Борис, я не слепой; вижу, слышу, чую, вдыхаю все, что полагается, но – мне этого мало. Главное не сказала: море смеет любить только рыбак или моряк. Только моряк или рыбак знают, что это. Моя любовь была бы превышением прав («поэт» здесь ничего не значит, самая жалкая из отговорок. Здесь – чистоганом).
Ущемленная гордость, Борис. На горе я не хуже горца, на море я – даже не пассажир! дачник. Дачник, любящий океан… Плюнуть!
Рильке не пишу. Слишком большое терзание. Бесплодное. Меня сбивает с толку, выбивает из страхов, – вставший Nibelungenhort [248] легко справиться?! Ему – не нужно. Мне больно. Я не меньше его (в будущем), но я моложе его. На много жизней. Глубина наклона – мерило высоты. Он глубоко наклонился ко мне – может быть глубже, чем… (неважно!) – что я почувствовала? Его рост. Я его и раньше знала, теперь знаю его на себе. Я ему писала: я не буду себя уменьшать, это Вас не сделает выше (меня не сделает ниже!) это Вас сделает только еще одиноче, ибо на острове, где мы родились – все – как мы.
Durch alle Welten, durch alle Gegenden, an allen Weg'enden
Das ewige Paar der sich – Nie – Begegnenden. [249]
Само пришло, двустишием, как приходит все.
Итог какого-то вздоха, к которому никогда не прирастет предпосылка.
Для моей Германии нужен был весь Рильке. Как обычно, начинаю с отказа.
–
О Борис, Борис, залечи, залижи рану. Расскажи, почему. Докажи, что все так. Не залижи, – выжги рану! «Вкусих мало меду» – помнишь? Что – мед!

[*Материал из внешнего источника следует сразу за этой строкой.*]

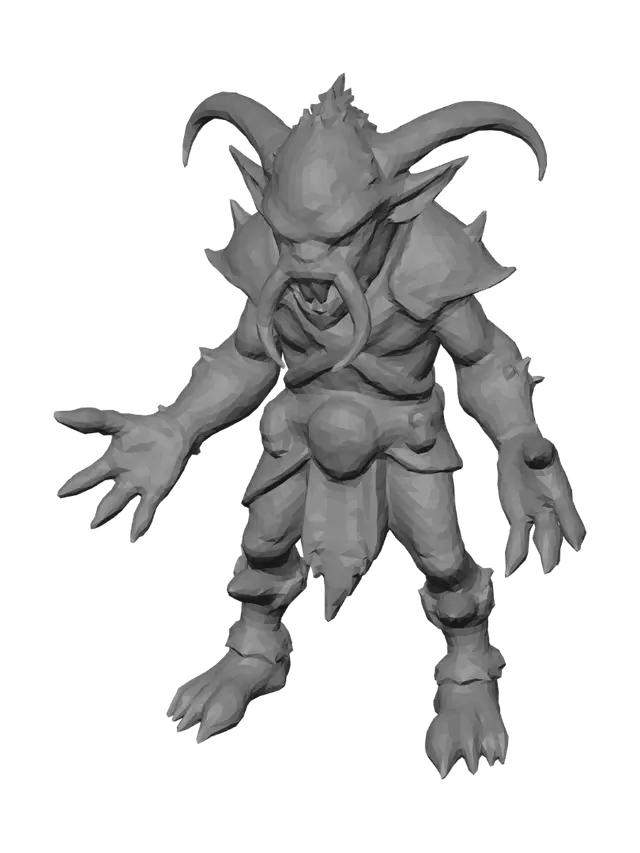 3D model for Grimdark dark fantasy horde minion, vicious goblin-orc hybrid monster, 3D character model. Neutral A-pose for rigging. Wearing crude rusted iron scrap armor, dark weathered leather garments, spiked pauldrons, bone trophies. Scarred dark grey-green leathery skin, small glowing amber eyes, sharp yellowed fangs, cruel expression. Gritty desaturated textures, dried blood stains, dark metal, low poly stylized 3D game asset, clean neutral background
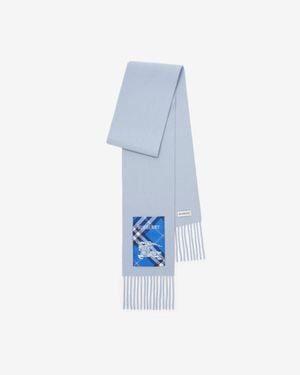 Burberry Narrow Check Label Cashmere Scarf - Blue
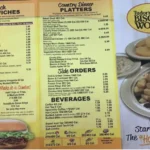 Tudor’s Biscuit World menu with biscuits, breakfast sandwiches, and coffee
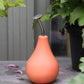 Eine Esschert-Gießbrause „Ball Terracotta L“ – eine birnenförmige, mattorangefarbene Gießkanne mit einem schlanken, silberfarbenen Metallhals und einer silberfarbenen Düse – steht auf einer grauen Fläche neben einer grünen Topfpflanze. In der Nähe liegen zwei kleine rosa Blütenblätter verstreut.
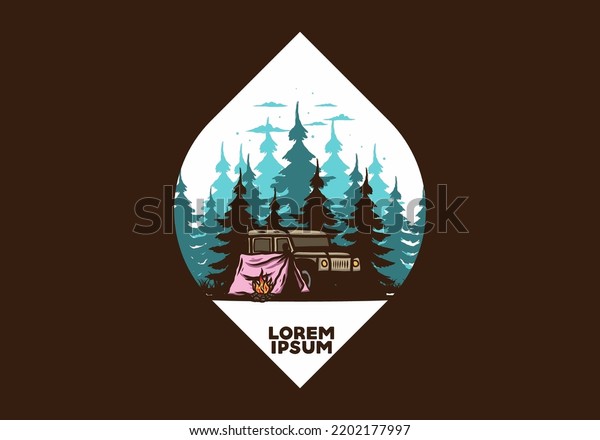 Camping\
beside the car in the forest illustration\
design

Люблю тебя. Ярмарка, ослиные таратайки, Рильке – все, все в тебя, в твою огромную реку (не хочу – море!). Я так скучаю по тебе, точно видела тебя только вчера.
М.
25 мая 1926 г., вторник, II.
Борис, ты меня не понял. Я так люблю твое имя, что для меня не написать его лишний раз, сопровождая письмо Рильке, было настоящим лишением, отказом.
То же, что не окликнуть еще раз из окна, когда уходят (и с уходящим на последующие десять минут, всё. Комната, где даже тебя нет. Одна тоска расселась).
Борис, я сделала это сознательно. Не ослабить удара радости от Рильке. Не раздробить его на два. Не смешать двух вод. Не превратить твоего события в собственный случай. [250] Не быть ниже себя. Суметь не быть.
(Я бы Орфею сумела внушить: не оглядывайся!) Оборот Орфея – дело рук Эвридики. («Рук» – через весь коридор Аида!) Оборот Орфея – либо слепость ее любви, невладение ею (скорей, скорей!), либо – о, Борис, это страшно – помнишь 1923 год, март, гору, строки:Не надо Орфею сходить к Эвридике,
И братьям тревожить сестер —
Либо приказ обернуться – и потерять. Все, что в ней еще любило – последняя память, тень тела, какой-то мысок сердца, еще не тронутый ядом бессмертья, помнишь?
…С бессмертья змеиным укусом
Кончается женская страсть! [251]
все, что еще отзывалось в ней на ее женское имя – шло за ним, она не могла не идти, хотя, может быть, уже не хотела идти. Так, преображенно и возвышенно, мне видится расставание Аси с Белым [252] – не смейся – не бойся.
В Эвридике и Орфее перекличка Маруси с Мо́лодцем – не смейся опять! – сейчас времени нет додумать, но раз сразу пришло – верно. Ах, может быть просто продленное «не бойся» – мой ответ на Эвридику и Орфея. Ах, ясно: Орфей за ней пришел – жить, тот за моей – не жить. Оттого она (я) так рванулась. Будь я Эвридикой, мне было бы… стыдно – назад!